With a history of medical innovation, Ireland has given the world the portable defibrillator, the modern stethoscope and the hypodermic syringe. Today however, regardless of technical brilliance, bringing a new medical technology to the market involves many challenges.
Last month, representatives of 35 Irish-owned medtech companies attended a cross-market workshop co-ordinated by Enterprise Ireland’s US, German and French offices. The aim was to explore three of the most important challenges – regulation, reimbursement and export. Despite participants coming from different sectors and geographic regions, a number of common themes emerged.
While most first-time medtech developers are largely aware of what is required to achieve regulatory authorisation, some underestimate the extent of what is involved in getting reimbursement approval from health insurers.
Worth an estimated $155bn (€136bn) annually, the US accounts for about 43pc of the global medical device market. Getting authorisation from the US Food and Drugs Administration (FDA) can be a slow process but most attendees agreed that the FDA is fair and transparent about the steps required to navigate the regulatory process.
Reimbursement by health insurers is often less straightforward. The US has a very complicated reimbursement system, with multiple coding systems for using a device, and hundreds of payers with different incentives and coverage decisions.
When targeting this market, Irish medtech companies are advised to do their homework early. With sufficient planning, a single clinical study can supply all the data required for both regulatory authorisation and reimbursement approval, saving the time and costs of multiple studies. Even small design modifications down the line could affect the regulatory classification, establishment of a predicate device or the ability to use an existing reimbursement code.
Likewise, an upfront analysis of realistic timelines and price points can provide a vital indicator of whether your product or solution is ever likely to achieve timely approval and worthwhile profit margins.

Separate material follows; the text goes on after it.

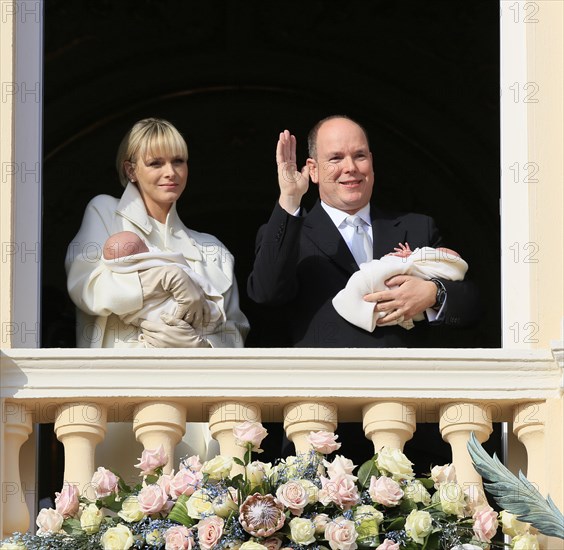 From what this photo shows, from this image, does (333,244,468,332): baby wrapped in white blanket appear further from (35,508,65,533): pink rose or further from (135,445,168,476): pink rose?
(35,508,65,533): pink rose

Irish companies should take advantage of pre-submission meetings with the FDA to establish a good relationship, ensure proper classification and develop well-designed submissions and studies.
Medtech developers also need to engage with other stakeholders early on. You could have an amazing new device, but if it doesn’t fit into a physician’s workflow, it won’t be used. Equally, if it doesn’t address a significant pain point for payers, it won’t be reimbursed.
Finally, it’s important to know when to ask for professional help, as getting a complex device to market is likely to require assistance from a seasoned consultant.
Another theme that emerged from the day was how priorities in the industry are constantly changing. Irish companies need to be aware of the evolving concerns of providers, payers and, increasingly, patients. US health system managers, for example, are actively looking for value-based care solutions.
Another consideration is that, the European Union’s market authorisation system is seen as easier and faster as it simply involves qualifying for the CE mark. However, there are signals that the EU may soon move closer to the FDA model and this may impact on the tendency for Irish medtech developers to target European markets before the US.
Enterprise Ireland plans to hold follow-on workshops to help medtech companies further diversify into new markets. In addition, later this year, we will be bringing 250 international medical technology companies to Ireland for MedInIreland 2017, providing the 70 participating Irish companies with opportunities to network with potential buyers and partners.
Our biennial showcase of Irish medtech innovation and expertise is on October 19.